Using NASA's Kepler Space Telescope, astronomers discovered the planet orbiting a star in the "habitable zone" - the range of distance from a star where liquid water might pool on the surface of an orbiting planet.
The discovery of Kepler-186f confirms that planets the size of Earth exist in the habitable zone of stars other than our Sun, NASA said.
While planets have previously been found in the habitable zone, they are all at least 40 per cent larger in size than Earth, and understanding their makeup is challenging. Kepler-186f is more reminiscent of Earth, researchers said.
"The discovery of Kepler-186f is a significant step towards finding worlds like our planet Earth," said Paul Hertz, NASA's Astrophysics Division director at the agency's headquarters in Washington.
Although the size of Kepler-186f is known, its mass and composition are not. Previous research, however, suggests that a planet the size of Kepler-186f is likely to be rocky.
"Finding a habitable zone planet comparable to Earth in size is a major step forward," said Elisa Quintana, research scientist at the SETI Institute at NASA's Ames Research Centre in Moffett Field, California, and lead author of the research.
Kepler-186f resides in the Kepler-186 system, about 500 light-years from Earth in the constellation Cygnus. The system is also home to four companion planets, which orbit a star half the size and mass of our Sun.

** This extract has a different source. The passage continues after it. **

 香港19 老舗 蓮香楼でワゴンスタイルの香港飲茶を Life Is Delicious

The star is classified as an M dwarf, or red dwarf, a class of stars that makes up 70 per cent of the stars in the Milky Way galaxy.
"M dwarfs are the most numerous stars. The first signs of other life in the galaxy may well come from planets orbiting an M dwarf," said Quintana.

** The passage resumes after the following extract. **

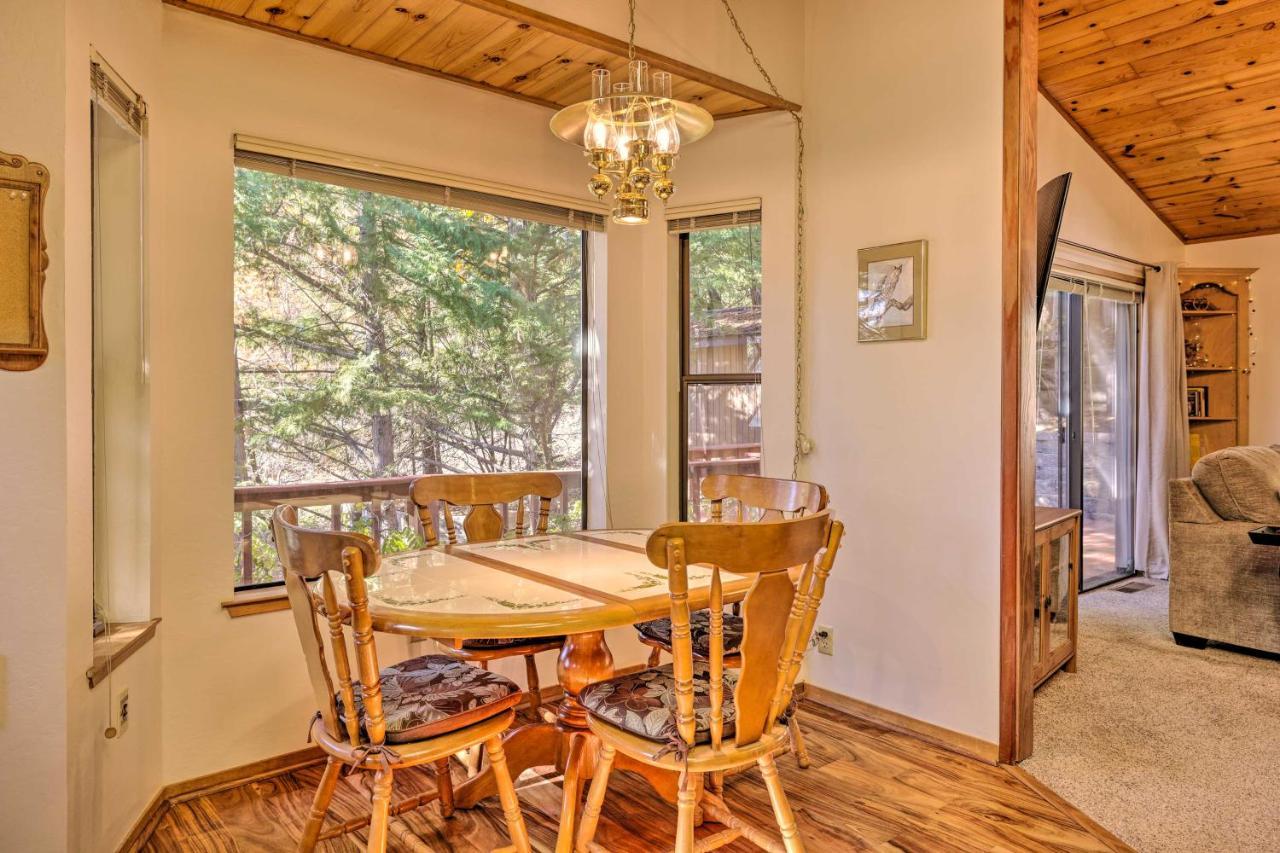 Quiet Twain Harte Cabin With Deck And Forest Views! 外观 照片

Kepler-186f orbits its star once every 130 days and receives one-third the energy from its star that Earth gets from the Sun, placing it nearer the outer edge of the habitable zone.
On the surface of Kepler-186f, the brightness of its star at high noon is only as bright as our Sun appears to us about an hour before sunset.
"Being in the habitable zone does not mean we know this planet is habitable. The temperature on the planet is strongly dependent on what kind of atmosphere the planet has," said Thomas Barclay, researcher at the Bay Area Environmental Research Institute at Ames, and co-author of the paper.
"Kepler-186f can be thought of as an Earth-cousin rather than an Earth-twin. It has many properties that resemble Earth," said Barclay.
The finding was published in the journal Science.